Que le Congolais lambda se plaigne des services publics mal rendus, personne n’en est responsable. L’accès à l’eau potable dans les quartiers des grands centres urbains congolais demeure un véritable parcours du combattant pour un grand nombre de citadins; les résultats catastrophiques aux examens d’Etat traduisent un système scolaire qui peine à assurer convenablement sa mission éducative et l’une des causes en est la dévalorisation de la fonction enseignante; les limites de l’offre de santé dans les hôpitaux poussent la classe nantie à se faire soigner à l’étranger; les défaillances de l’Etat-civil produit une race de Congolais sans identité; les élèves, les travailleurs arrivent en retard à l’école et à leurs lieux de travail à cause des transports en commun mal assurés; en dépit des efforts consentis dans le domaine de l’électricité, les délestages sont le quotidien des usagers particulièrement les artisans et les entreprises dont les activités sont durement affectées par ce phénomène; l’agriculture n’arrive pas à nourrir une population qui dépend en grande partie des importations; le manque d’entretien régulier des routes construites les condamne à la disparition, en quelques années; on construit des stades mais il n’y a pas de financements pour organiser des championnats sportifs; malgré des discours très engagés, le Congo peine à améliorer son classement dans le «Doing business»; la gestion financière publique est toujours caractérisée par un endettement intérieur excessif; on parle chaque jour de diversification de l’économie mais les filières économiques ne sont pas promues; les années passent et l’automatisation des retraites n’est toujours qu’une histoire de promesses… Et l’on peut de la sorte citer autant d’exemples qui prouvent que le travail est encore immense.

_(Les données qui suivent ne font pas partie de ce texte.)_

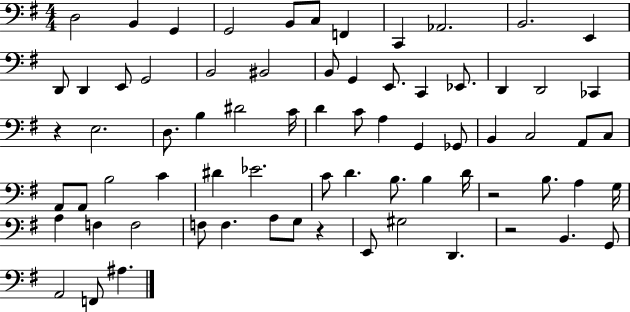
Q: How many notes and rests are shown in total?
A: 72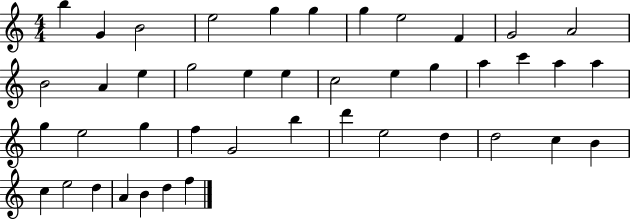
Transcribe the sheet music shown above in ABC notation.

X:1
T:Untitled
M:4/4
L:1/4
K:C
b G B2 e2 g g g e2 F G2 A2 B2 A e g2 e e c2 e g a c' a a g e2 g f G2 b d' e2 d d2 c B c e2 d A B d f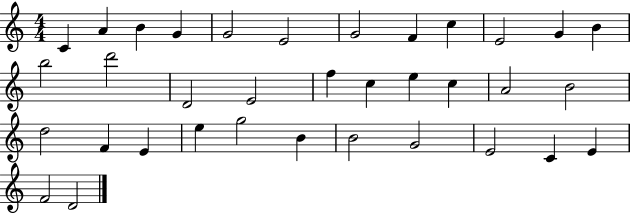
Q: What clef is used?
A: treble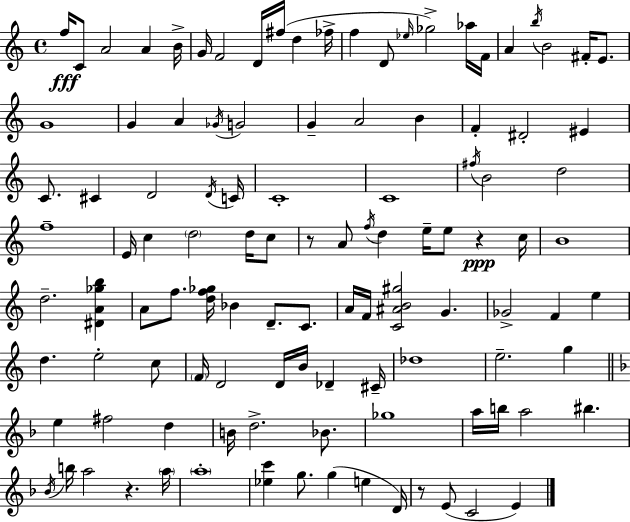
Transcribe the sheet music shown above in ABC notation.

X:1
T:Untitled
M:4/4
L:1/4
K:Am
f/4 C/2 A2 A B/4 G/4 F2 D/4 ^f/4 d _f/4 f D/2 _e/4 _g2 _a/4 F/4 A b/4 B2 ^F/4 E/2 G4 G A _G/4 G2 G A2 B F ^D2 ^E C/2 ^C D2 D/4 C/4 C4 C4 ^f/4 B2 d2 f4 E/4 c d2 d/4 c/2 z/2 A/2 f/4 d e/4 e/2 z c/4 B4 d2 [^DA_gb] A/2 f/2 [df_g]/4 _B D/2 C/2 A/4 F/4 [C^AB^g]2 G _G2 F e d e2 c/2 F/4 D2 D/4 B/4 _D ^C/4 _d4 e2 g e ^f2 d B/4 d2 _B/2 _g4 a/4 b/4 a2 ^b _B/4 b/4 a2 z a/4 a4 [_ec'] g/2 g e D/4 z/2 E/2 C2 E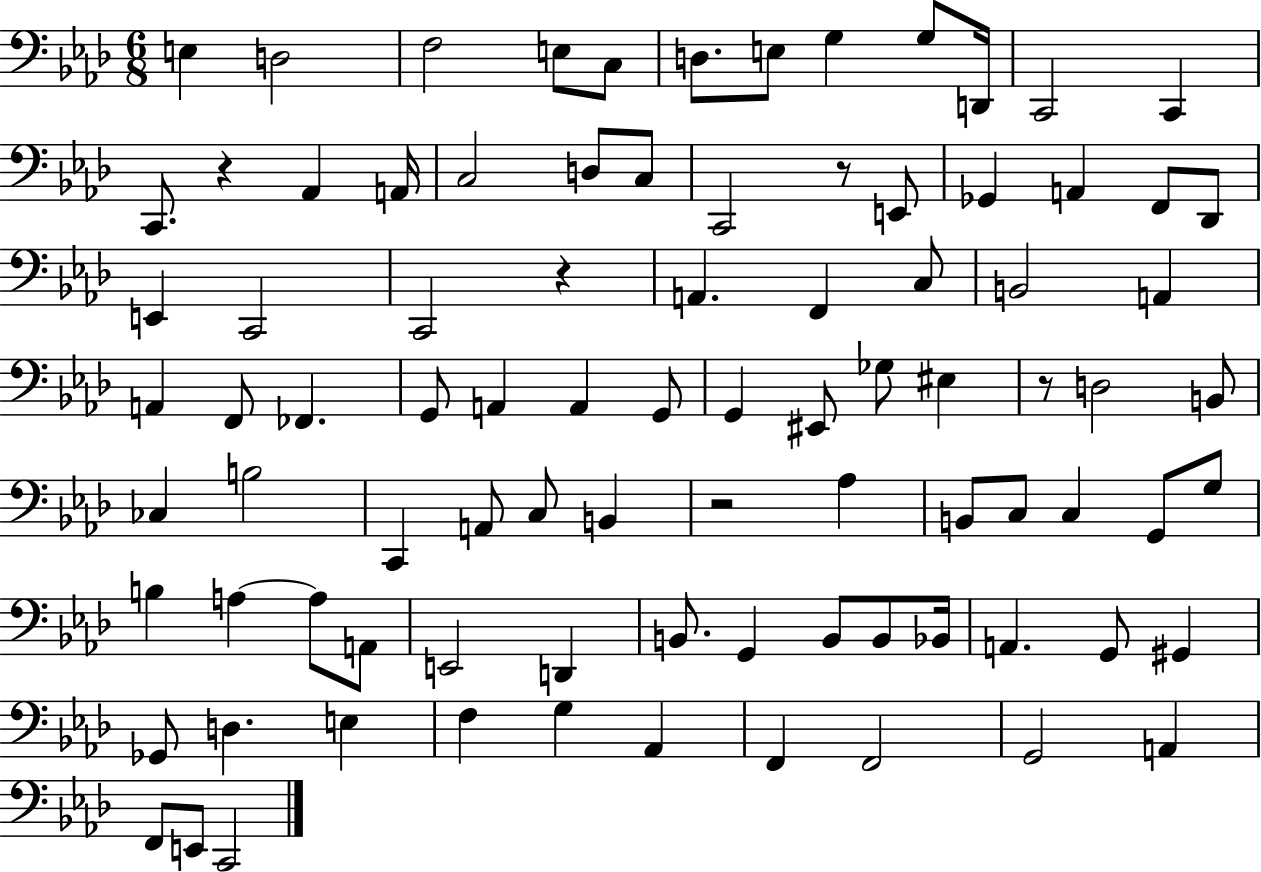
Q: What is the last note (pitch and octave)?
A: C2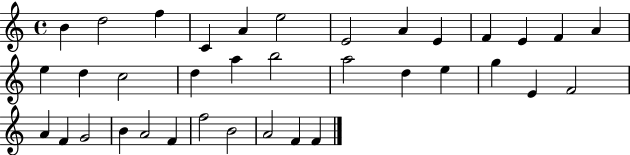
{
  \clef treble
  \time 4/4
  \defaultTimeSignature
  \key c \major
  b'4 d''2 f''4 | c'4 a'4 e''2 | e'2 a'4 e'4 | f'4 e'4 f'4 a'4 | \break e''4 d''4 c''2 | d''4 a''4 b''2 | a''2 d''4 e''4 | g''4 e'4 f'2 | \break a'4 f'4 g'2 | b'4 a'2 f'4 | f''2 b'2 | a'2 f'4 f'4 | \break \bar "|."
}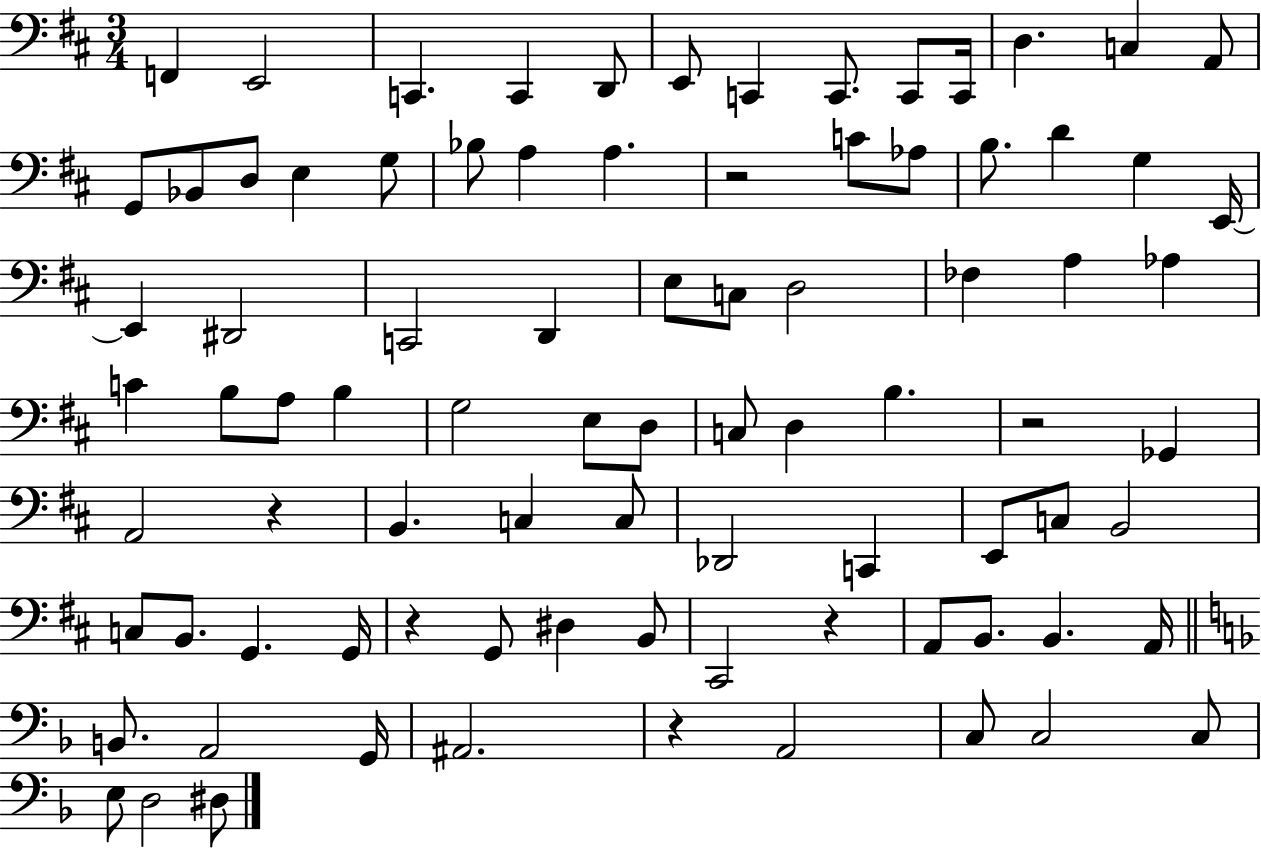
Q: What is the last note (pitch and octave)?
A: D#3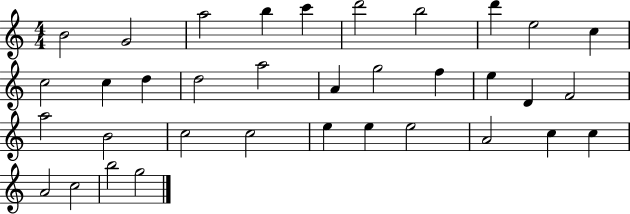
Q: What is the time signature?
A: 4/4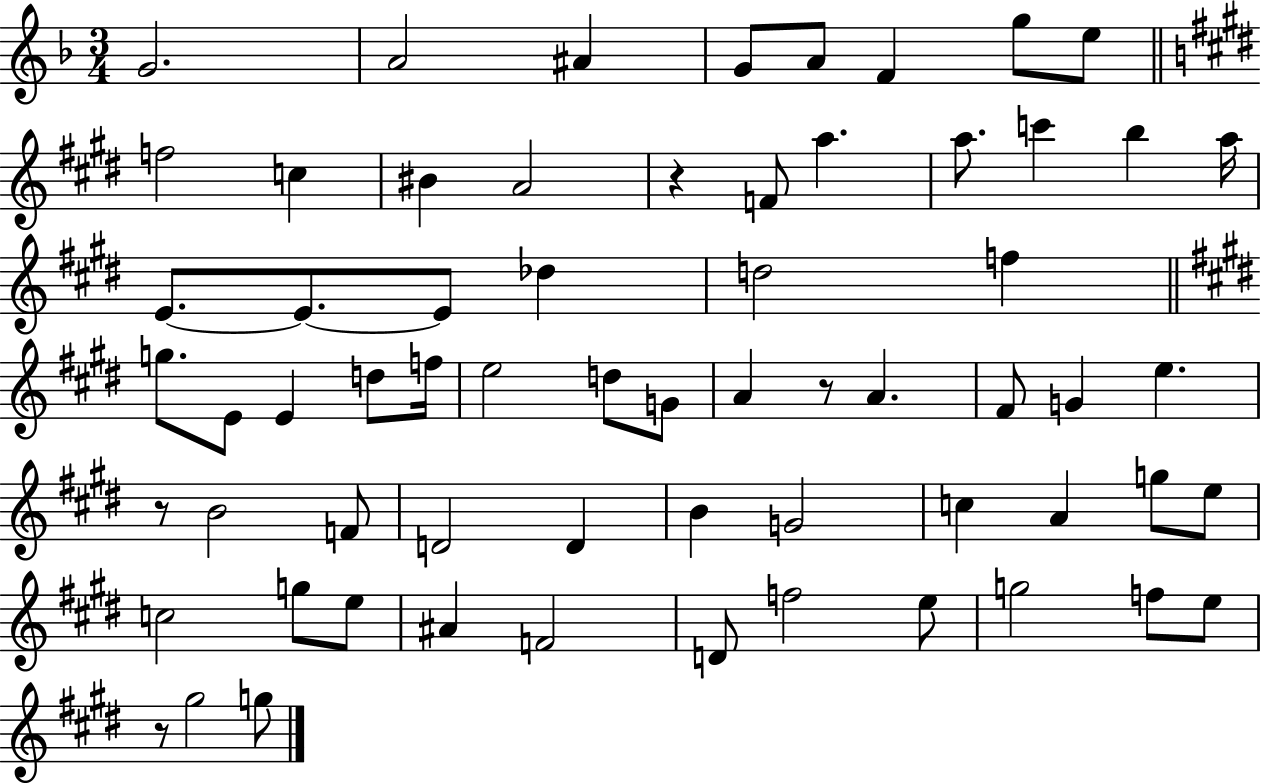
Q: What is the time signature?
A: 3/4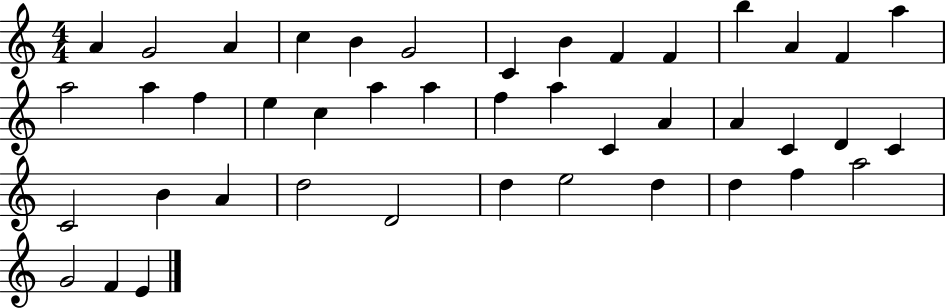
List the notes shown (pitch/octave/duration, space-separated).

A4/q G4/h A4/q C5/q B4/q G4/h C4/q B4/q F4/q F4/q B5/q A4/q F4/q A5/q A5/h A5/q F5/q E5/q C5/q A5/q A5/q F5/q A5/q C4/q A4/q A4/q C4/q D4/q C4/q C4/h B4/q A4/q D5/h D4/h D5/q E5/h D5/q D5/q F5/q A5/h G4/h F4/q E4/q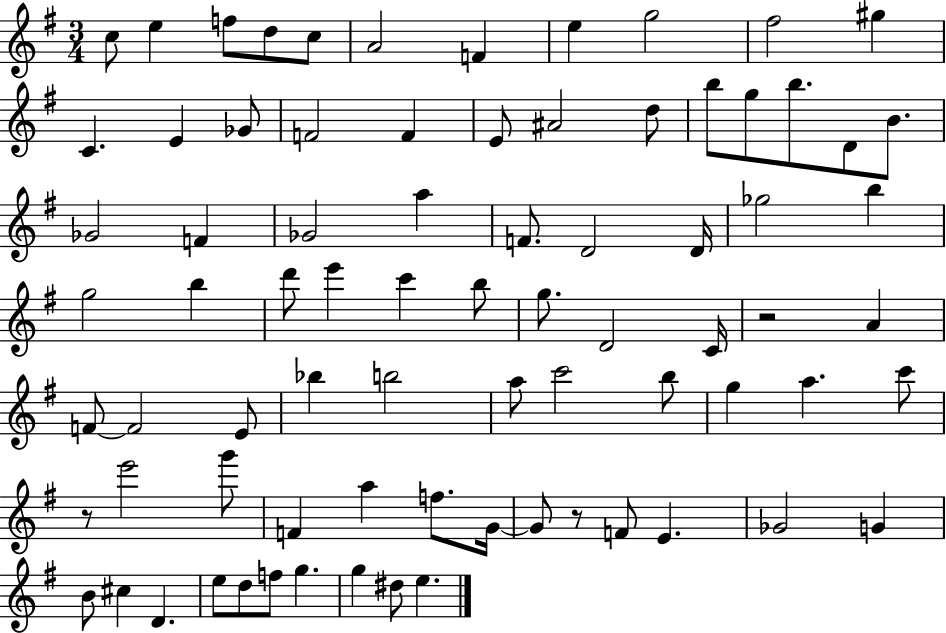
C5/e E5/q F5/e D5/e C5/e A4/h F4/q E5/q G5/h F#5/h G#5/q C4/q. E4/q Gb4/e F4/h F4/q E4/e A#4/h D5/e B5/e G5/e B5/e. D4/e B4/e. Gb4/h F4/q Gb4/h A5/q F4/e. D4/h D4/s Gb5/h B5/q G5/h B5/q D6/e E6/q C6/q B5/e G5/e. D4/h C4/s R/h A4/q F4/e F4/h E4/e Bb5/q B5/h A5/e C6/h B5/e G5/q A5/q. C6/e R/e E6/h G6/e F4/q A5/q F5/e. G4/s G4/e R/e F4/e E4/q. Gb4/h G4/q B4/e C#5/q D4/q. E5/e D5/e F5/e G5/q. G5/q D#5/e E5/q.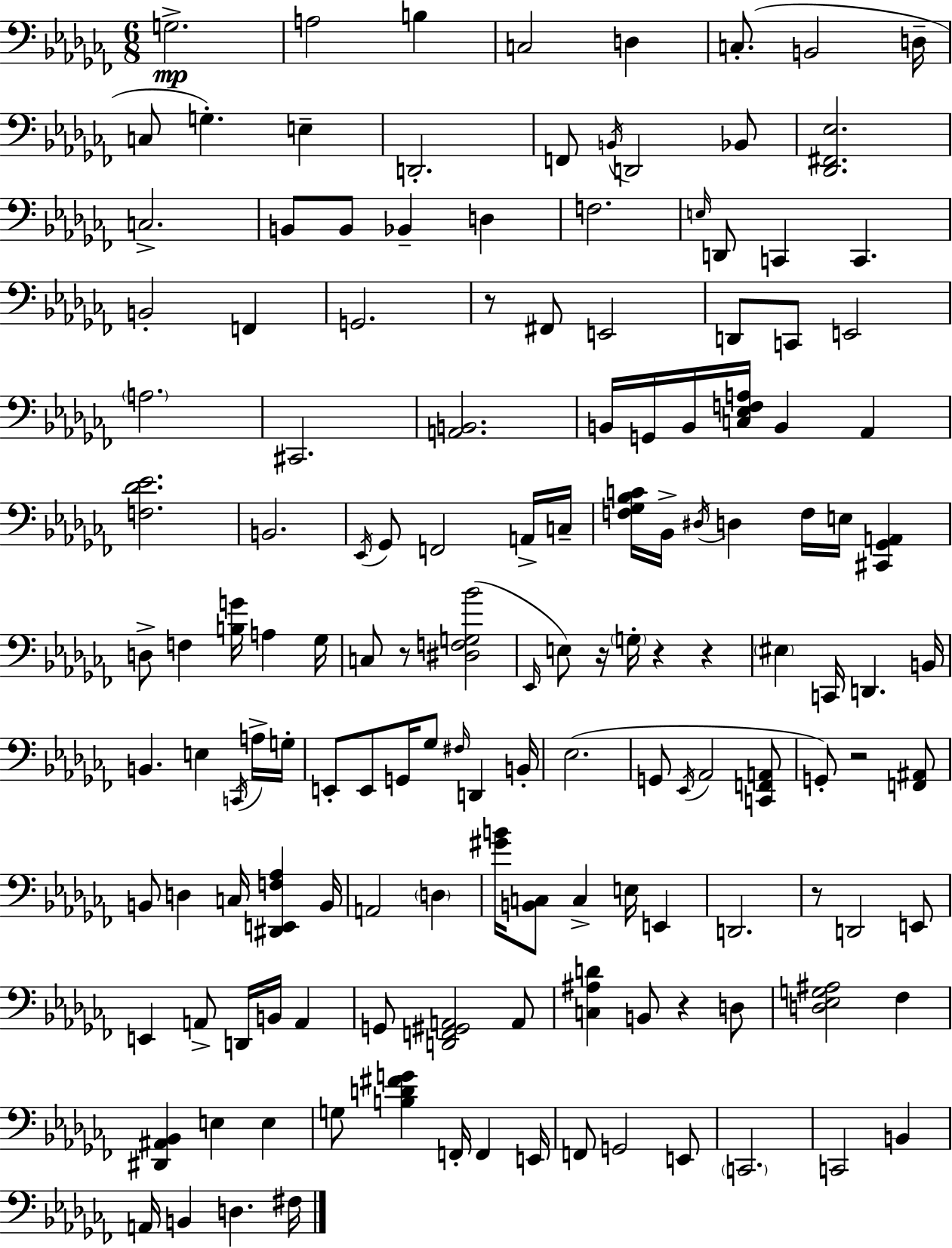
{
  \clef bass
  \numericTimeSignature
  \time 6/8
  \key aes \minor
  g2.->\mp | a2 b4 | c2 d4 | c8.-.( b,2 d16-- | \break c8 g4.-.) e4-- | d,2.-. | f,8 \acciaccatura { b,16 } d,2 bes,8 | <des, fis, ees>2. | \break c2.-> | b,8 b,8 bes,4-- d4 | f2. | \grace { e16 } d,8 c,4 c,4. | \break b,2-. f,4 | g,2. | r8 fis,8 e,2 | d,8 c,8 e,2 | \break \parenthesize a2. | cis,2. | <a, b,>2. | b,16 g,16 b,16 <c ees f a>16 b,4 aes,4 | \break <f des' ees'>2. | b,2. | \acciaccatura { ees,16 } ges,8 f,2 | a,16-> c16-- <f ges bes c'>16 bes,16-> \acciaccatura { dis16 } d4 f16 e16 | \break <cis, ges, a,>4 d8-> f4 <b g'>16 a4 | ges16 c8 r8 <dis f g bes'>2( | \grace { ees,16 } e8) r16 \parenthesize g16-. r4 | r4 \parenthesize eis4 c,16 d,4. | \break b,16 b,4. e4 | \acciaccatura { c,16 } a16-> g16-. e,8-. e,8 g,16 ges8 | \grace { fis16 } d,4 b,16-. ees2.( | g,8 \acciaccatura { ees,16 } aes,2 | \break <c, f, a,>8 g,8-.) r2 | <f, ais,>8 b,8 d4 | c16 <dis, e, f aes>4 b,16 a,2 | \parenthesize d4 <gis' b'>16 <b, c>8 c4-> | \break e16 e,4 d,2. | r8 d,2 | e,8 e,4 | a,8-> d,16 b,16 a,4 g,8 <d, f, gis, a,>2 | \break a,8 <c ais d'>4 | b,8 r4 d8 <d ees g ais>2 | fes4 <dis, ais, bes,>4 | e4 e4 g8 <b d' fis' g'>4 | \break f,16-. f,4 e,16 f,8 g,2 | e,8 \parenthesize c,2. | c,2 | b,4 a,16 b,4 | \break d4. fis16 \bar "|."
}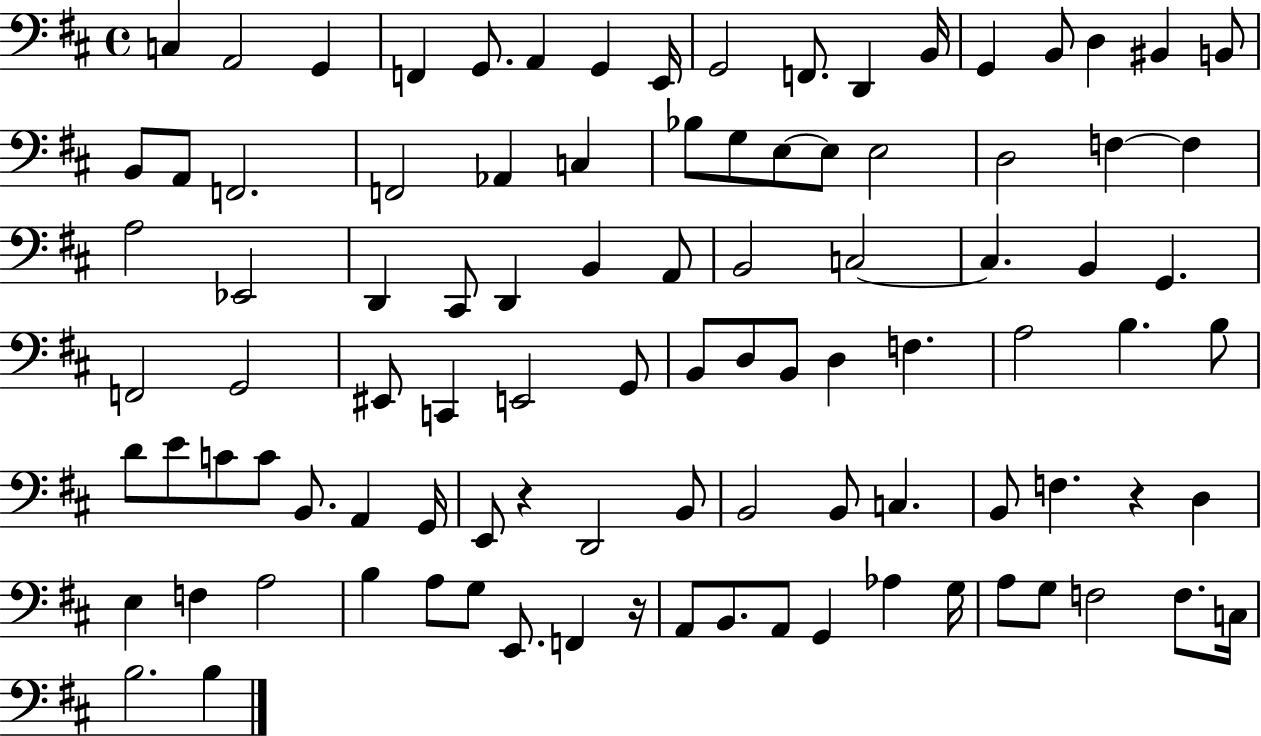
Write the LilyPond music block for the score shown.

{
  \clef bass
  \time 4/4
  \defaultTimeSignature
  \key d \major
  c4 a,2 g,4 | f,4 g,8. a,4 g,4 e,16 | g,2 f,8. d,4 b,16 | g,4 b,8 d4 bis,4 b,8 | \break b,8 a,8 f,2. | f,2 aes,4 c4 | bes8 g8 e8~~ e8 e2 | d2 f4~~ f4 | \break a2 ees,2 | d,4 cis,8 d,4 b,4 a,8 | b,2 c2~~ | c4. b,4 g,4. | \break f,2 g,2 | eis,8 c,4 e,2 g,8 | b,8 d8 b,8 d4 f4. | a2 b4. b8 | \break d'8 e'8 c'8 c'8 b,8. a,4 g,16 | e,8 r4 d,2 b,8 | b,2 b,8 c4. | b,8 f4. r4 d4 | \break e4 f4 a2 | b4 a8 g8 e,8. f,4 r16 | a,8 b,8. a,8 g,4 aes4 g16 | a8 g8 f2 f8. c16 | \break b2. b4 | \bar "|."
}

Car, en fin de comptes, le développement, c’est la qualité et la fiabilité des services proposés à la population. Le Congo a les compétences humaines nécessaires à l’impulsion convenable de son développement. Les causes de notre retard sont à rechercher dans le refus de l’émulation de la gestion publique et notre propension à l’autosatisfaction. Or, le développement, l’accès à la modernité ne sont possibles que dans un contexte de rigueur, de pointage des résultats de la gestion publique, par des statistiques fiables et objectives qu’il faut regarder courageusement en face. C’est cela qui permet d’établir de bons diagnostics pour des traitements adaptés, c’est-à-dire des politiques publiques sectorielles efficaces. Lorsqu’au gouvernement, on avait introduit la gestion axée sur les résultats, par la notation des départements ministériels, on s’attendait à ce que cette émulation pousse à travailler, pour atteindre de bons résultats. Malheureusement, les pesanteurs politiques l’ont emporté et le projet a été jeté dans les oubliettes. Le principe pédagogique de l’évaluation par les pairs ne fait pas recettes au Congo.
A la place, les ministres préfèrent les bilans d’autosatisfaction dressés par leurs directeurs de cabinet et la mode a emporté tout le monde, à quelques exceptions près. Pourtant, la réalité quotidienne si dure est là, en dépit des potentialités dont regorge le pays. Sans méconnaître les efforts qui se font, tout de même, en plein 21ème siècle, on ne devrait plus avoir à se plaindre de problème d’eau courante dans les vieux quartiers de nos villes. Et pourtant, qu’on soit à Poto-Poto, Plateau des 15 ans ou dans les quartiers périphériques, l’accès à l’eau potable courante demeure un casse-tête chinois, depuis les années 80, pour de nombreux citadins. Notre jeune célèbre artiste-musicien, Roga-Roga, a dû mettre les pieds dans le plat, par un geste de désinvolture, à travers sa chanson «Lettre au président», comme pour exprimer le ras-le-bol de ses compatriotes face à la dureté de la vie quotidienne.
Comme chaque année, le mois de janvier a vu s’égrainer le chapelet des «bilans largement positifs». Une histoire d’autosatisfaction pour refuser de voir la réalité intégrale de notre dur quotidien. La nouvelle République peut-elle arrimer la gestion publique à la rigueur de la G.a.r (Gestion axée sur les résultats)? Si l’on veut arriver à la modernité, il ne serait pas possible d’en faire sans. Certes, les progrès sont là, mais beaucoup reste encore à faire.